Your objective: Please copy every record below exactly, but leave the pictures out.

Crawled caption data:

[Start of Attachment]

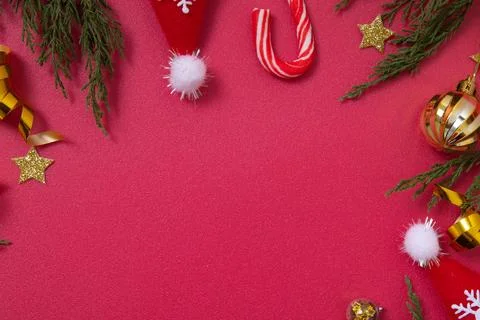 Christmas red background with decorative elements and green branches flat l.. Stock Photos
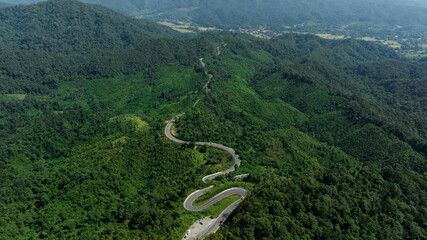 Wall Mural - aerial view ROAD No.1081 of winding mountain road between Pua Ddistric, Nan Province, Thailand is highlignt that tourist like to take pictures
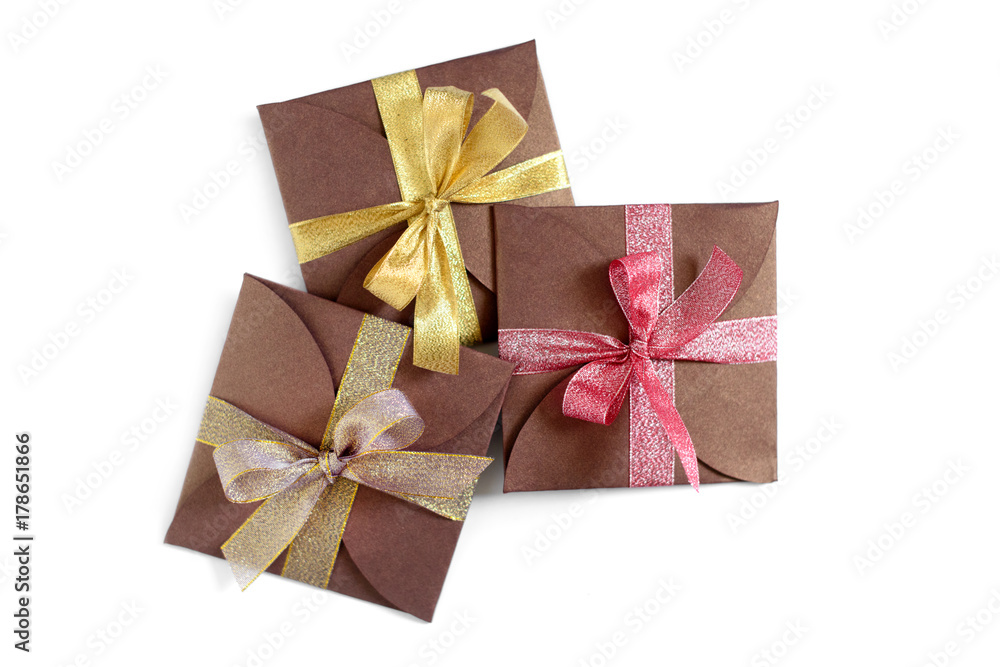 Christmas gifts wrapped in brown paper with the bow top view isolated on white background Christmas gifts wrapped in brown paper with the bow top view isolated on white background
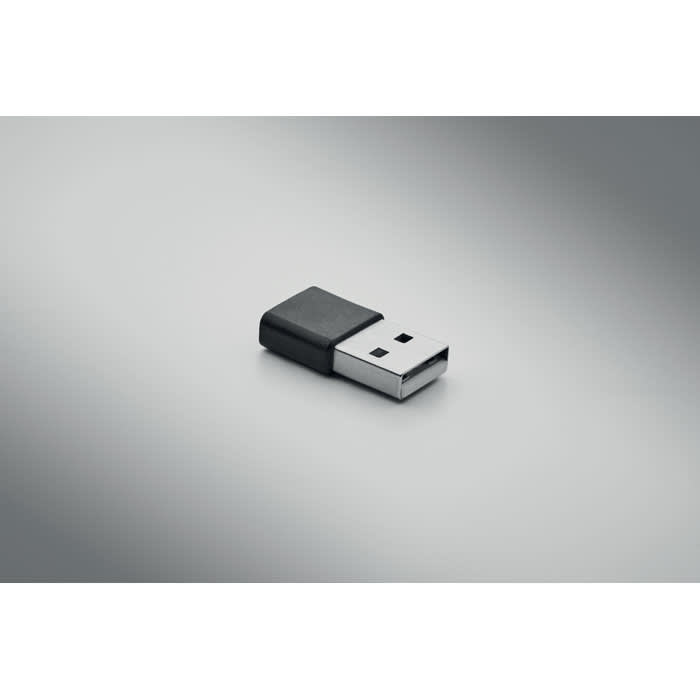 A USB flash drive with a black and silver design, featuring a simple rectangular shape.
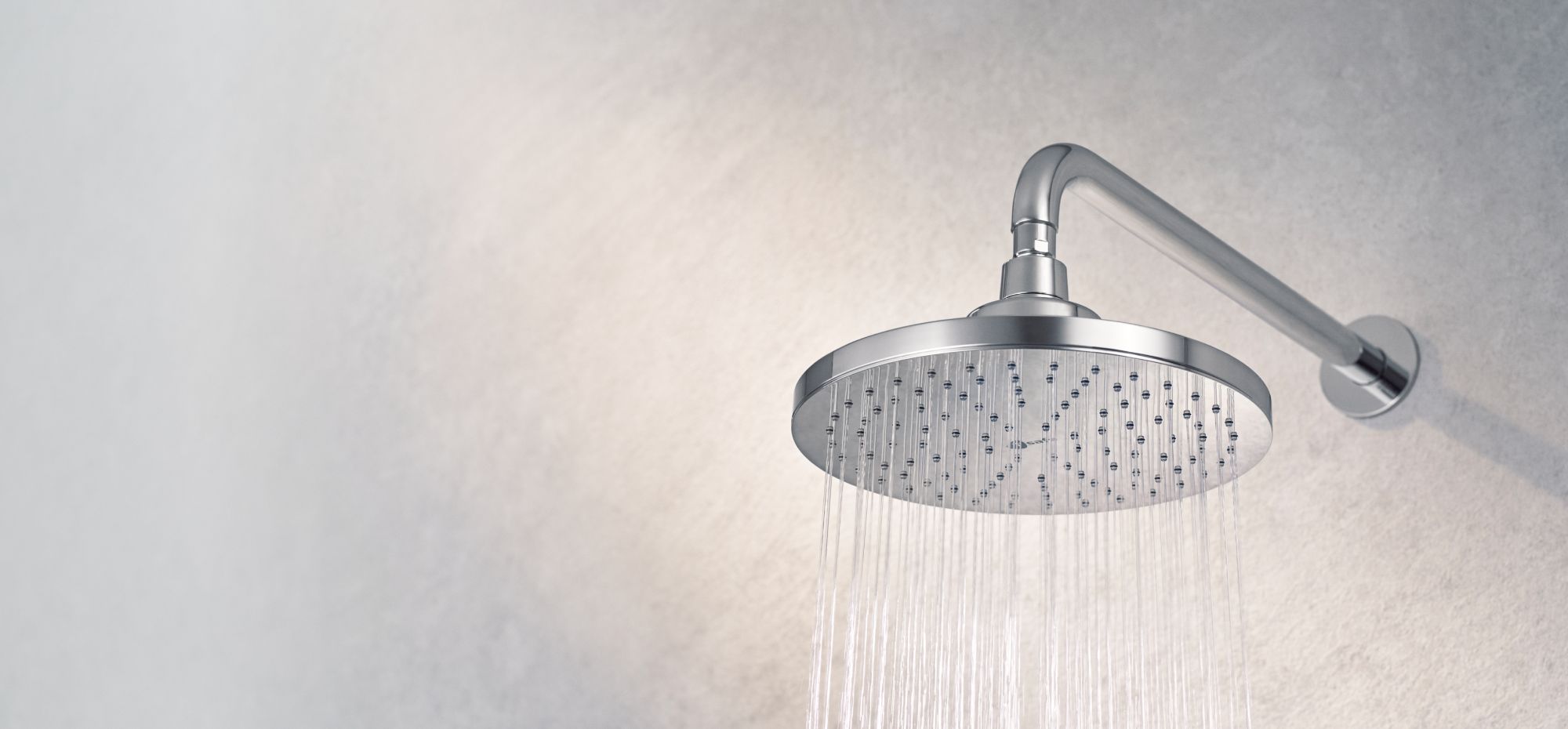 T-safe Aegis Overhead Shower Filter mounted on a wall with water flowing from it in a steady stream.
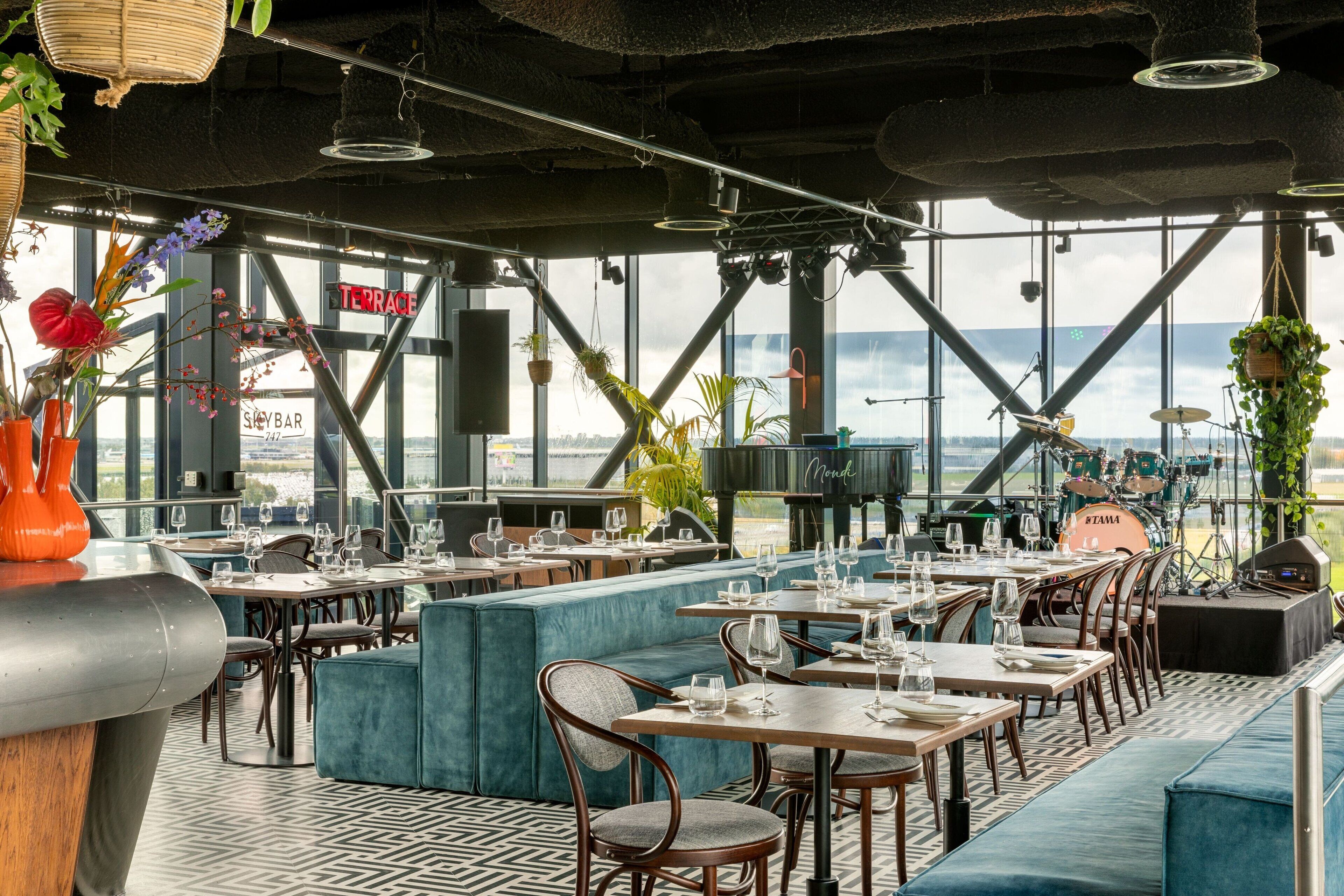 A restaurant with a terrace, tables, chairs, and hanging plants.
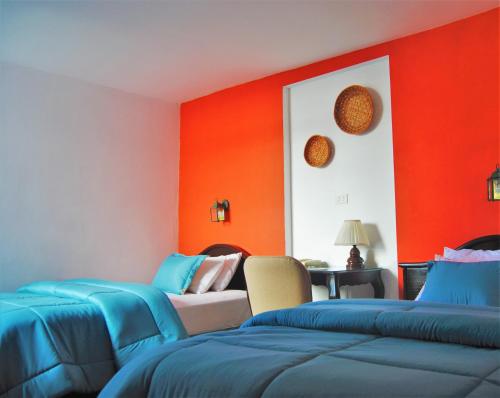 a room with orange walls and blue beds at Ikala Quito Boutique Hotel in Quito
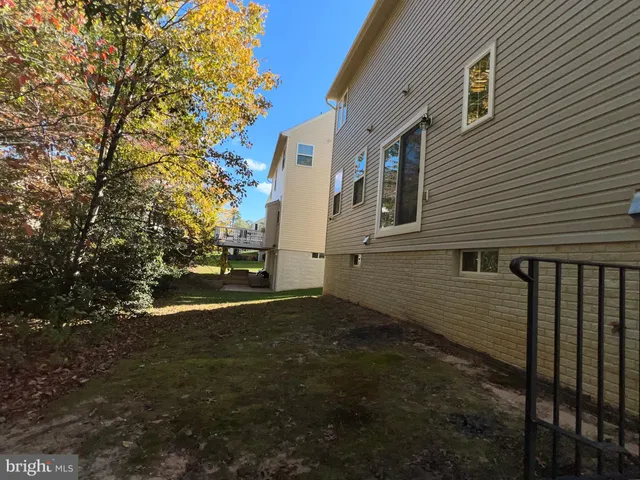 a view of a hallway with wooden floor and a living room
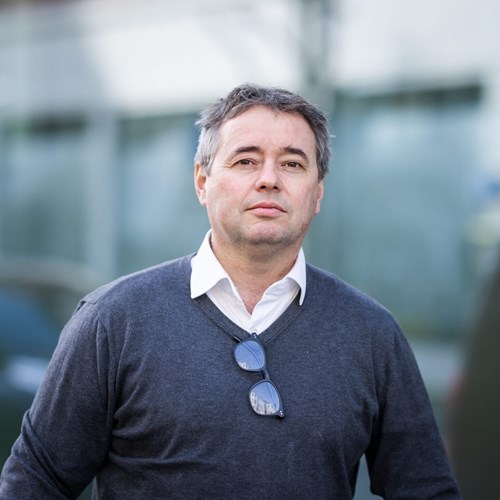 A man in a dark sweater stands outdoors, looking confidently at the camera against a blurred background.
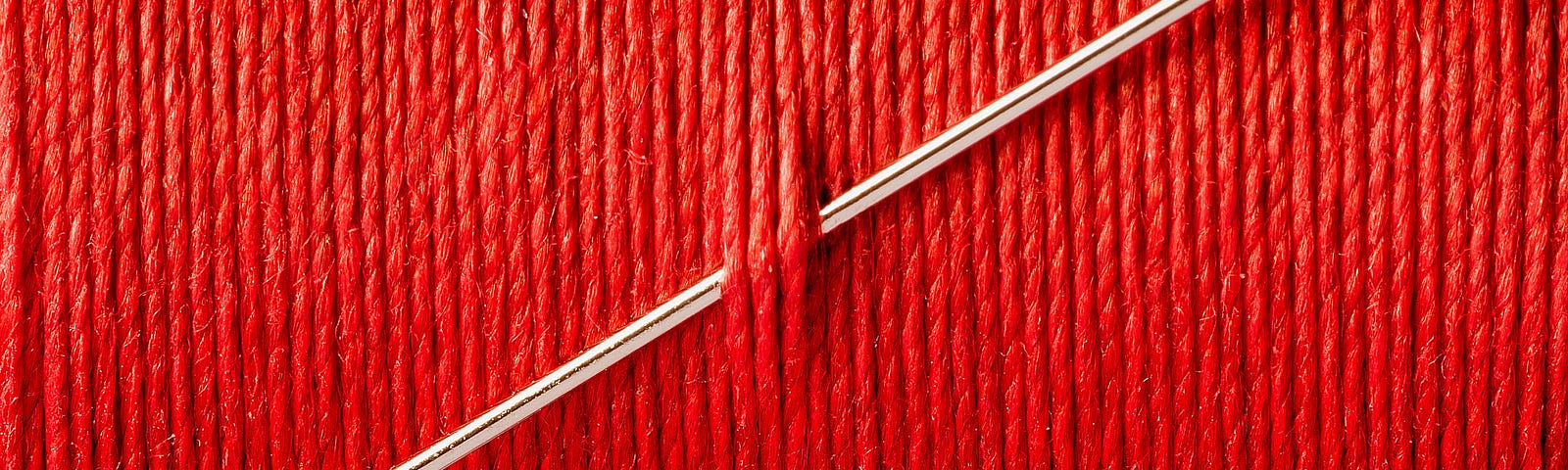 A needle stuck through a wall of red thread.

[End of Attachment]

Worked solution:
 Christmas red background with decorative elements and green branches flat l.. Stock Photos
 Wall Mural - aerial view ROAD No.1081 of winding mountain road between Pua Ddistric, Nan Province, Thailand is highlignt that tourist like to take pictures
 Christmas gifts wrapped in brown paper with the bow top view isolated on white background Christmas gifts wrapped in brown paper with the bow top view isolated on white background
 A USB flash drive with a black and silver design, featuring a simple rectangular shape.
 T-safe Aegis Overhead Shower Filter mounted on a wall with water flowing from it in a steady stream.
 A restaurant with a terrace, tables, chairs, and hanging plants.
 a room with orange walls and blue beds at Ikala Quito Boutique Hotel in Quito
 a view of a hallway with wooden floor and a living room
 A man in a dark sweater stands outdoors, looking confidently at the camera against a blurred background.
 A needle stuck through a wall of red thread.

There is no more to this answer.